Source material: Begin

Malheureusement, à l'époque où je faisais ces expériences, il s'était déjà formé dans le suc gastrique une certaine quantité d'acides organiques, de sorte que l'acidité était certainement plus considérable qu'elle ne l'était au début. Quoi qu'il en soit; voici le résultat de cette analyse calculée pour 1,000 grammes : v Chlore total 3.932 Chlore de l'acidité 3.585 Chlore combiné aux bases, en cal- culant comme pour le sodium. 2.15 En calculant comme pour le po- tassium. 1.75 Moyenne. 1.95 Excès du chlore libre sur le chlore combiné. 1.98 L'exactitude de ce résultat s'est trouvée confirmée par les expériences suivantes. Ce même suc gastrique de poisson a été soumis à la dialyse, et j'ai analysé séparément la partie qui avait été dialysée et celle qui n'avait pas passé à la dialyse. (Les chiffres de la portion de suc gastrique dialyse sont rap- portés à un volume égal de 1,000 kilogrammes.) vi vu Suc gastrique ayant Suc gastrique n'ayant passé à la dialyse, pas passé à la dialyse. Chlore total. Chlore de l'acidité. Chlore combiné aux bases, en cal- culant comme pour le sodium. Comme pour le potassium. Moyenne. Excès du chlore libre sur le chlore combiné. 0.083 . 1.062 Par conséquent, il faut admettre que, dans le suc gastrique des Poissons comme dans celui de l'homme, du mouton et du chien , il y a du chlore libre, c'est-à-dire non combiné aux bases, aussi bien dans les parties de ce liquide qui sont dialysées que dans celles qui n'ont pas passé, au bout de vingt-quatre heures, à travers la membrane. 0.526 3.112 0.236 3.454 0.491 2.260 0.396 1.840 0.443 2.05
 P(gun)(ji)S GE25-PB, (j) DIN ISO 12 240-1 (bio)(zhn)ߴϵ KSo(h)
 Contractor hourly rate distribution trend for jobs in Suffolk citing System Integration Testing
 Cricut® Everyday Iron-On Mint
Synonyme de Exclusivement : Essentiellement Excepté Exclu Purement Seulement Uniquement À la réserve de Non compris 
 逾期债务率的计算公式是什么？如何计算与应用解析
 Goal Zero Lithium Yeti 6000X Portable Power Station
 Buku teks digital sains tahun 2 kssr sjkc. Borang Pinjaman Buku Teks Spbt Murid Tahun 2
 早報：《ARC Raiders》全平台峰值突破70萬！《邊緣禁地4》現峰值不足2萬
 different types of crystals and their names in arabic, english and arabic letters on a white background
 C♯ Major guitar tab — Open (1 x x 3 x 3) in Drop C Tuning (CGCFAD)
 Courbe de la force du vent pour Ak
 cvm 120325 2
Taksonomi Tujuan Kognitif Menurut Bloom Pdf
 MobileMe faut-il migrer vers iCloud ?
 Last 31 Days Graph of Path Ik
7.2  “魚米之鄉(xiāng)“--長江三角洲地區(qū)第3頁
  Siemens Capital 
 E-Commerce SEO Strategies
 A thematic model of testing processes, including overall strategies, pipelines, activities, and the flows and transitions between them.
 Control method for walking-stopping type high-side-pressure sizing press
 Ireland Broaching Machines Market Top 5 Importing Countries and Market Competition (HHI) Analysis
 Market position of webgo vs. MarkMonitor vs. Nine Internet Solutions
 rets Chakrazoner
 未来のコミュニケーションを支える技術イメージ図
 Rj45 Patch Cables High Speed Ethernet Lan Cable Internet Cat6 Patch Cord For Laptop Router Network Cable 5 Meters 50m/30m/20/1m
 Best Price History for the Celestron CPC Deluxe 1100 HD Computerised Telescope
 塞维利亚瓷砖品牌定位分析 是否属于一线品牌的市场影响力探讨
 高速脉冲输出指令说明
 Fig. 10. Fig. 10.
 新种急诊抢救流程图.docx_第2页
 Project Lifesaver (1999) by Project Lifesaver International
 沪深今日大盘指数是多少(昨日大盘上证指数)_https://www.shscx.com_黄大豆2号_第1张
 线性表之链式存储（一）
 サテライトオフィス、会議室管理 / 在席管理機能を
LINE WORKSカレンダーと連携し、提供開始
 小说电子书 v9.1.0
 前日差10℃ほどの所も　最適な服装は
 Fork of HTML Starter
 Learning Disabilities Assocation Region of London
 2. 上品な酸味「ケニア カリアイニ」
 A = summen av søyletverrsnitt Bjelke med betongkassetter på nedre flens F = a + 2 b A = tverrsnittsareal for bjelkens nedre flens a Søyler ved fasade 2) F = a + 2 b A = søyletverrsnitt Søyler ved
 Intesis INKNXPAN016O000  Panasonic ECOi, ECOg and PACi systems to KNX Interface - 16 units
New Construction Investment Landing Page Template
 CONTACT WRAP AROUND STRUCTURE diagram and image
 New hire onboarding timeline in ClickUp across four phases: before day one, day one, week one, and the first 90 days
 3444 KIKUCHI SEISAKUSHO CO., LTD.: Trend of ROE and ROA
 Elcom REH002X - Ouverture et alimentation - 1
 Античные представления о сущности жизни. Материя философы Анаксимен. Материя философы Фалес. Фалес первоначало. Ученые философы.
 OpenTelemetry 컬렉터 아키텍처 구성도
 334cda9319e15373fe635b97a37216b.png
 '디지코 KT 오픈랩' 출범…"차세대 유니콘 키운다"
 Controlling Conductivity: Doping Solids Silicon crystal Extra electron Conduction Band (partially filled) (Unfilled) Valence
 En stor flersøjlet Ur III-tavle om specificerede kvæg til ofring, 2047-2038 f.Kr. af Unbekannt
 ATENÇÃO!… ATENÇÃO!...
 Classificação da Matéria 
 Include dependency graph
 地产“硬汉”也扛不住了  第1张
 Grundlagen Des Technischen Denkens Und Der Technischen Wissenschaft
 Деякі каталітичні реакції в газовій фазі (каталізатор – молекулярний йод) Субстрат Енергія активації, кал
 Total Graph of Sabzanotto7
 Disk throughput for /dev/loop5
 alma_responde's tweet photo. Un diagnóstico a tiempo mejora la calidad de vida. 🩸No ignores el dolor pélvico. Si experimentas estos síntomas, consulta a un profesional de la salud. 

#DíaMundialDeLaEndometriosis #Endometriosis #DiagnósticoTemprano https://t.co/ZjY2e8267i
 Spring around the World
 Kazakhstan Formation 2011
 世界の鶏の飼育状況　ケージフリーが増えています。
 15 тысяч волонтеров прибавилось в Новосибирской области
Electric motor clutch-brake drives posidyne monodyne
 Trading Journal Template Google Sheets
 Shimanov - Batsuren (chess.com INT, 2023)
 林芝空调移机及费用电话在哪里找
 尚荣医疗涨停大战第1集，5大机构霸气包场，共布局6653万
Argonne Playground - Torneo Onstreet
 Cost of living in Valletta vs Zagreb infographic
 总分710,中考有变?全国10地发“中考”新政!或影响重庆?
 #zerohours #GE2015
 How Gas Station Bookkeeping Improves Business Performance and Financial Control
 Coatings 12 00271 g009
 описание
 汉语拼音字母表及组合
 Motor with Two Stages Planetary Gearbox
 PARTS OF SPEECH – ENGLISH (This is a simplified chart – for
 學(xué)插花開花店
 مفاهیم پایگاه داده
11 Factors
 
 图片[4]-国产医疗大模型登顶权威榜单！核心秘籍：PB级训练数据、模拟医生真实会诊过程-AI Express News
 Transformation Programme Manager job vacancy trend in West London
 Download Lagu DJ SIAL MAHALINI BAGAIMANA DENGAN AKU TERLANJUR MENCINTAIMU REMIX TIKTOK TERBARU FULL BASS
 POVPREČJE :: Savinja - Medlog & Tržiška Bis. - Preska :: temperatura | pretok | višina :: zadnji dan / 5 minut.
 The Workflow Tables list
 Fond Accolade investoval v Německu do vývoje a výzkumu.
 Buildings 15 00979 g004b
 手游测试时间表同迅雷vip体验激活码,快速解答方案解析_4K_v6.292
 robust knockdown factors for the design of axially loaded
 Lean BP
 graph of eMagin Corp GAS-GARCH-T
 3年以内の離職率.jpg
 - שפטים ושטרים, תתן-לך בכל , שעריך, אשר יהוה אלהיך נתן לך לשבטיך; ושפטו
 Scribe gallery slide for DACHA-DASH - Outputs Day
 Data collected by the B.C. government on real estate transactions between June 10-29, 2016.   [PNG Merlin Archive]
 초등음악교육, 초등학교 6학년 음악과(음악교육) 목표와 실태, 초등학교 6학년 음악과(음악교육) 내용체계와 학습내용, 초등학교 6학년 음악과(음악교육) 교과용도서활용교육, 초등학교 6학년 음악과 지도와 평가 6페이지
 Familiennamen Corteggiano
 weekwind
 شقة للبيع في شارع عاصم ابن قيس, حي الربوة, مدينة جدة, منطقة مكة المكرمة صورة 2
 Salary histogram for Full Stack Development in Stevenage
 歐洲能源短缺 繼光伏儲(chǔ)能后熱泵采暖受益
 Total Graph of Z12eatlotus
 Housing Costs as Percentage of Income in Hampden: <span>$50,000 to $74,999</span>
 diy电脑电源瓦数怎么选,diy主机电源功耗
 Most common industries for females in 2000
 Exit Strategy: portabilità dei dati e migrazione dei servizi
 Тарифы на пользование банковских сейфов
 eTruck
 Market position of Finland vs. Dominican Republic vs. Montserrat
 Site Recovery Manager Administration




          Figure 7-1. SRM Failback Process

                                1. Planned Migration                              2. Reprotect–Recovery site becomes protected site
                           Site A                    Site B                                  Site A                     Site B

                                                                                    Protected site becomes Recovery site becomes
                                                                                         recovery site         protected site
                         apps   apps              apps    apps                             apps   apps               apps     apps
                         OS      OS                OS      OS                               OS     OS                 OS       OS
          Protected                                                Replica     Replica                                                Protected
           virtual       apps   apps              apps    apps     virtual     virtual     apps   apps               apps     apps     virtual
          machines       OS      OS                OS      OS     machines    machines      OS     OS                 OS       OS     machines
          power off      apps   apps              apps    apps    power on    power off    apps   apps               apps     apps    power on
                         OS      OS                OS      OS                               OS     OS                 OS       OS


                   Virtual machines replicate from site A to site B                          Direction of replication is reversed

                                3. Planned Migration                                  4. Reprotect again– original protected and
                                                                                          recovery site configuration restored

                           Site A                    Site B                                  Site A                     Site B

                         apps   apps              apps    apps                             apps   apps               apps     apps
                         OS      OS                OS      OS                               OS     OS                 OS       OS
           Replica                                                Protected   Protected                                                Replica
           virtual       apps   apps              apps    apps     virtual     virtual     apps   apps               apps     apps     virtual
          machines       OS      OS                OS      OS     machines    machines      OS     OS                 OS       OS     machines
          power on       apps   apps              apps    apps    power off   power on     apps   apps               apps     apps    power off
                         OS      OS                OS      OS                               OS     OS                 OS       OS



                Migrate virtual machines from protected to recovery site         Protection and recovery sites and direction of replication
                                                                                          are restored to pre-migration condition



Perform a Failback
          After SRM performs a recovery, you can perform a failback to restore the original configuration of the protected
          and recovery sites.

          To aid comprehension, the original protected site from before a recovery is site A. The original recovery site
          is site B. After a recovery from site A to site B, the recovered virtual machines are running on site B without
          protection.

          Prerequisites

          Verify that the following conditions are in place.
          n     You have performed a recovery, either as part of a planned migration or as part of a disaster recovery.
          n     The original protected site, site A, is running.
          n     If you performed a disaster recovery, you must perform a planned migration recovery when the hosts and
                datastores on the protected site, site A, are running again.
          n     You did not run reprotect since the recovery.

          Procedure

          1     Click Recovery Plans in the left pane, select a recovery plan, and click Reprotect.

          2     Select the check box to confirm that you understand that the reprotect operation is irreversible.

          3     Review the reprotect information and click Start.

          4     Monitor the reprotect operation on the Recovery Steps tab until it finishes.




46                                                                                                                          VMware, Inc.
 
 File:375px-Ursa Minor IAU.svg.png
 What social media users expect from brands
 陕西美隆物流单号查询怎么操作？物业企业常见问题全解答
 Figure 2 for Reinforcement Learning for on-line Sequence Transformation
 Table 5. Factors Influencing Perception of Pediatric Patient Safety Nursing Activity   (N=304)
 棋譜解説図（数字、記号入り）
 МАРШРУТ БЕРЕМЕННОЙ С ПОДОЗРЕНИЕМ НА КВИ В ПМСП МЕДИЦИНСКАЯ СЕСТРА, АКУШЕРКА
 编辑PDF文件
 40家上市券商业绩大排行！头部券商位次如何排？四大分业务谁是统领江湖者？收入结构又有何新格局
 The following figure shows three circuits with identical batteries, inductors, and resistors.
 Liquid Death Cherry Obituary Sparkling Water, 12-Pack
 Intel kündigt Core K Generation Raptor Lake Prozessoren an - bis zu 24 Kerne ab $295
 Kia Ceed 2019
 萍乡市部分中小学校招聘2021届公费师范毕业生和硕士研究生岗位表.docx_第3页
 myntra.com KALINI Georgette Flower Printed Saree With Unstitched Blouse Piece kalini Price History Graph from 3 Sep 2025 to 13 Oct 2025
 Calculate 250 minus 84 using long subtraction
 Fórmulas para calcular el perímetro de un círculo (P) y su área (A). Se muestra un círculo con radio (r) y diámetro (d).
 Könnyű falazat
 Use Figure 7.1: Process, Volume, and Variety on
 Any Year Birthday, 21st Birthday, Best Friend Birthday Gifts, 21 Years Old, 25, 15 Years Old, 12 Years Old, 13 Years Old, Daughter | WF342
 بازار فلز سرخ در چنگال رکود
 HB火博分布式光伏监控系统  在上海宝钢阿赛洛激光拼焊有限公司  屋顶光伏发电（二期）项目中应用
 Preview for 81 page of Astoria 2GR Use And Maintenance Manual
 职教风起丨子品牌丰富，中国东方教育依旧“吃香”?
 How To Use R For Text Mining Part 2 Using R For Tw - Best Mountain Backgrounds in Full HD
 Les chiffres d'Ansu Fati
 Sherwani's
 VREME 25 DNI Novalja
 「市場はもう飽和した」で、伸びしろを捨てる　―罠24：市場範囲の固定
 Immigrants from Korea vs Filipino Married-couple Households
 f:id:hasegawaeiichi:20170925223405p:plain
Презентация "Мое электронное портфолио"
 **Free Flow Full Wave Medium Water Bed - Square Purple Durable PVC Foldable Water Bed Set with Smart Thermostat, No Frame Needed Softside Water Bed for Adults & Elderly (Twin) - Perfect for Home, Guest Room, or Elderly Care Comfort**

Source material: End

▸ **What needs to be done**: The range runs from the line with "新种急诊抢救流程图.docx_第2页" up to and including the line with "Kazakhstan Formation 2011" in the listing above; please write out exactly those lines and nothing more.

▸ **Solution**:
 新种急诊抢救流程图.docx_第2页
 Project Lifesaver (1999) by Project Lifesaver International
 沪深今日大盘指数是多少(昨日大盘上证指数)_https://www.shscx.com_黄大豆2号_第1张
 线性表之链式存储（一）
 サテライトオフィス、会議室管理 / 在席管理機能を
LINE WORKSカレンダーと連携し、提供開始
 小说电子书 v9.1.0
 前日差10℃ほどの所も　最適な服装は
 Fork of HTML Starter
 Learning Disabilities Assocation Region of London
 2. 上品な酸味「ケニア カリアイニ」
 A = summen av søyletverrsnitt Bjelke med betongkassetter på nedre flens F = a + 2 b A = tverrsnittsareal for bjelkens nedre flens a Søyler ved fasade 2) F = a + 2 b A = søyletverrsnitt Søyler ved
 Intesis INKNXPAN016O000  Panasonic ECOi, ECOg and PACi systems to KNX Interface - 16 units
New Construction Investment Landing Page Template
 CONTACT WRAP AROUND STRUCTURE diagram and image
 New hire onboarding timeline in ClickUp across four phases: before day one, day one, week one, and the first 90 days
 3444 KIKUCHI SEISAKUSHO CO., LTD.: Trend of ROE and ROA
 Elcom REH002X - Ouverture et alimentation - 1
 Античные представления о сущности жизни. Материя философы Анаксимен. Материя философы Фалес. Фалес первоначало. Ученые философы.
 OpenTelemetry 컬렉터 아키텍처 구성도
 334cda9319e15373fe635b97a37216b.png
 '디지코 KT 오픈랩' 출범…"차세대 유니콘 키운다"
 Controlling Conductivity: Doping Solids Silicon crystal Extra electron Conduction Band (partially filled) (Unfilled) Valence
 En stor flersøjlet Ur III-tavle om specificerede kvæg til ofring, 2047-2038 f.Kr. af Unbekannt
 ATENÇÃO!… ATENÇÃO!...
 Classificação da Matéria 
 Include dependency graph
 地产“硬汉”也扛不住了  第1张
 Grundlagen Des Technischen Denkens Und Der Technischen Wissenschaft
 Деякі каталітичні реакції в газовій фазі (каталізатор – молекулярний йод) Субстрат Енергія активації, кал
 Total Graph of Sabzanotto7
 Disk throughput for /dev/loop5
 alma_responde's tweet photo. Un diagnóstico a tiempo mejora la calidad de vida. 🩸No ignores el dolor pélvico. Si experimentas estos síntomas, consulta a un profesional de la salud. 

#DíaMundialDeLaEndometriosis #Endometriosis #DiagnósticoTemprano https://t.co/ZjY2e8267i
 Spring around the World
 Kazakhstan Formation 2011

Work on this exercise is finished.